Communication is Key: the Kubernetes Way

Communication is important indeed. In all aspects. This includes Kubernetes too. This post delves into the major concepts required for understanding how networking works in Kubernetes. Read on!

Did you know that a cat has three names? Uh No?

Okay, there's this one poem by TS Elliot called "The Naming of Cats". You'd know if you read it. Well, for now, I'll tell you about it. A cat has three names; a common name used daily and known to all, a more dignified name, known only to the cat's close ones, and a "private" name known only to the cat.

But you know that poets aren't that straight forward and you've got to read between the lines ....yada yada yada. And this poem here tells how people have different " personas" or behaviors in different settings. How people behave in public, with close friends and family, and when they're alone. There's more to it but let's not go there.

That's all for the philosophy/psychology class today folks! Trust me, you are not on the wrong site. Yes, it's a blog that talks about technology and yes, we are talking Kubernetes.

And if you have been with me for quite a while now, you must know that these random digressions are not in vain. I'll always circle back somehow.

So what's the connection with Kubernetes, and the Cat's three names? You'll have to read this post for that (And the previous posts too please!)

It's called "Networking"

You meet someone new... What do you tell them about yourself first? Your name! Your name is a way that others can communicate with you and you specifically. It belongs to you. It's a part of your identity.

Now if you roughly translate the "name" entity into the world of technology. What do you get?.... IP addresses! Most networking concepts revolve around IP addresses. And well... I'm not here to tell you how important networking is.

So it's kind of natural that there will be some provisions made for networking within the Kubernetes ecosystem.

You got a cluster that's running multiple pods. The pods might want to communicate with each other. Or maybe an external source wants to connect with a pod. No wait, don't go that far. A pod is running containers within it. How are the containers talking to each other? And this is INSIDE the pod.

Let me summarise if you want to list down the communications taking place on a cluster, we've got

Within a single Pod between containers
Between two Pods
Pod and the rest of the world

And what about the cat and the names? The cat is actually a pod and the cat's name represents the different ways pods can communicate.

Cat = Pod
Cat's Name = Way a Pod Communicates

Here's how it connects...

The Cat's Private Name = Communication within a Pod

A cat has a private name known only to the cat. No one else.

That's how containers within a pod communicate with each other. via the "private name". What's that you may ask? It's "localhost"

Remember we told you a pod is like a miniature version of a full-blown computer (or VM). So a single pod has its own networking in place and all its containers share the same IP and MAC address. So when a container wants to talk to another it simply communicates via localhost along with a port number.

So the scope of the name "localhost" is only limited to the pod. And you can say that it's the pod's "private name" just like our cats!

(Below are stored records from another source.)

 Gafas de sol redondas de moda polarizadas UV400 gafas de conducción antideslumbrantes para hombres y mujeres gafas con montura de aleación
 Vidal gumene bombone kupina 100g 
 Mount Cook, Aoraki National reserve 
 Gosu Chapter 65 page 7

The Cat's Dignified Name = Communications between Pods

A cat has a dignified name known only to the cat's close friends and family.

If you look at a cluster in another light, it's just a large bunch of pods running together. Just like a family. And if you'll probably relate here if you've ever had a name that only your close ones called you. In this case, this name is the pod's IP address. And the "close ones" are all the other pods.
So simply put, a pod gets an IP address at creation and any other pod can communicate with it using this IP. That means the IP address is accessible across the cluster. The node that the pod runs on doesn't matter!

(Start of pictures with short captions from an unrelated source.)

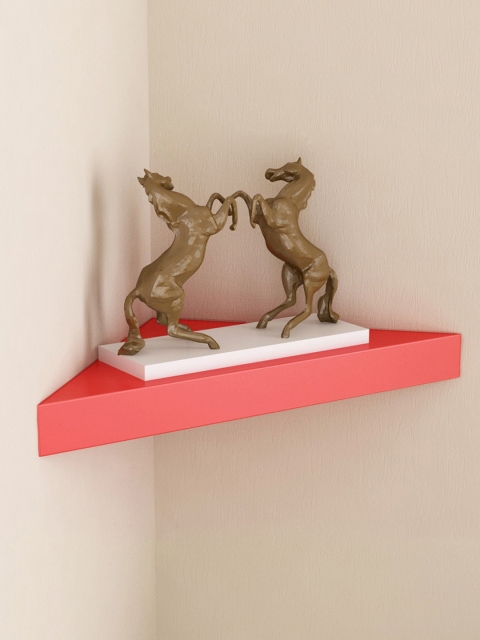 

Home Sparkle Red Wall Shelf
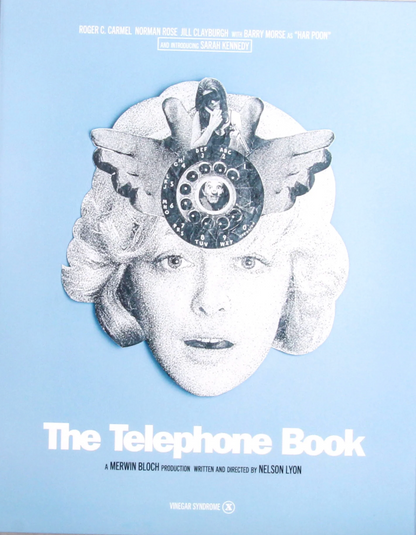 The Telephone Book: Limited Edition (Exclusive Slip)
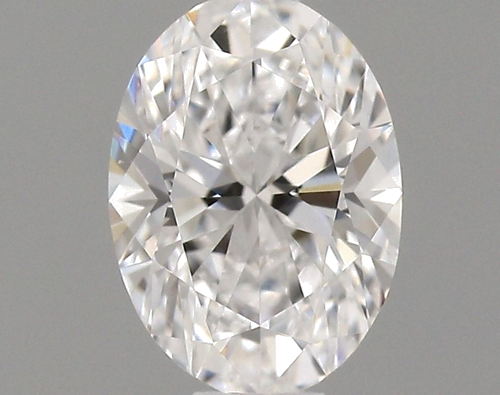 0.32 carat D-VS2 Natūralus Oval Deimantas (1)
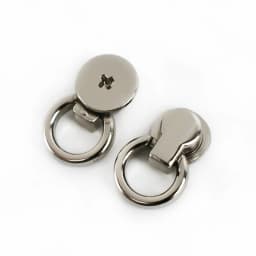 10/20Pc Deepeel 8x17mm Bag Side Clip Clasp Metal Ring Buckle Swivel Rivet Screw Handbag End Decoration Button Nail DIY Accessory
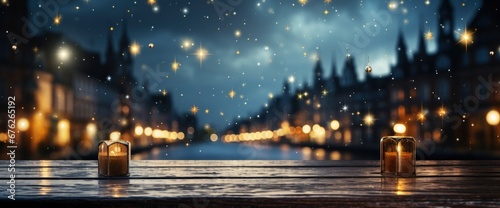 Blurred Background City View Lights Falling , Background Image For Website, Background Images , Desktop Wallpaper Hd Images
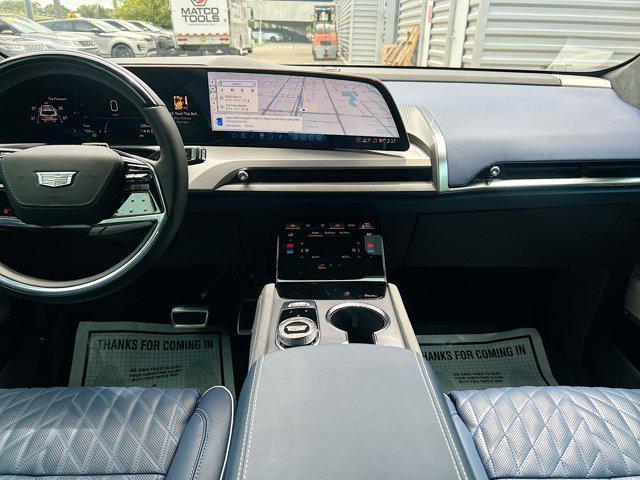 used 2026 Cadillac VISTIQ car, priced at $81,000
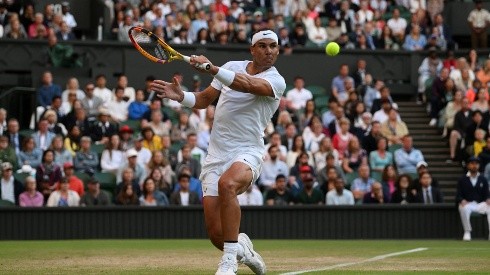 Rafael Nadal ha ganado en dos ocasiones Wimbledon.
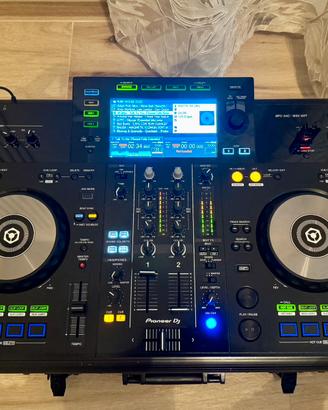 Consolle Pioneer DJ XDJ RR + Case Magma + Cover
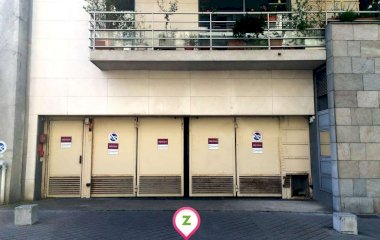 Buch einen Parkplatz im Zenpark Porte de Saint-Cloud - Mercure Parkplatz.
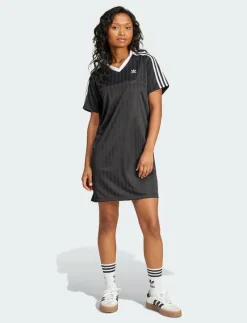 V-NECK SS DRESS - Klänningar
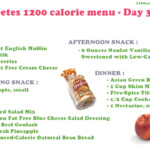 1 Calorie Diet Menu 7 Day Lose 20 Pounds Weight Loss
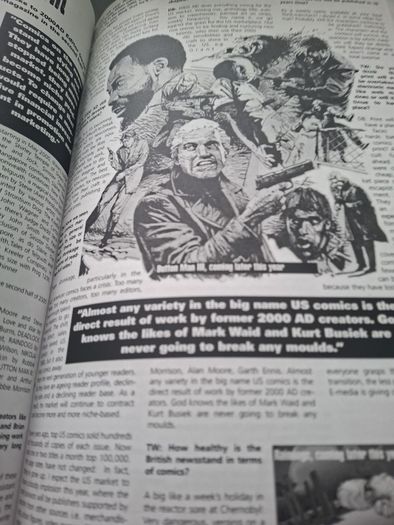 Tripwire 1992 Magazine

You should probably know this. Pods on a cluster can communicate with each other using this IP address irrespective of which node they're running on. But in the case of system daemons, or maybe even the kubelet, these guys can only communicate with the pods running on the same node as they are. So better remember that.

But wait, did you know that the IP address will die with the pod. That's a bummer! You see, if a pod suddenly errors out and "dies", all the other pods that were depending on this pod will be affected. They need to be informed in some way

That's half the problem. In the case of deployment workloads, the pods are dynamically created. So that means there's a high chance that the pod IP addresses will keep changing regularly. You can't keep informing the other dependant pods.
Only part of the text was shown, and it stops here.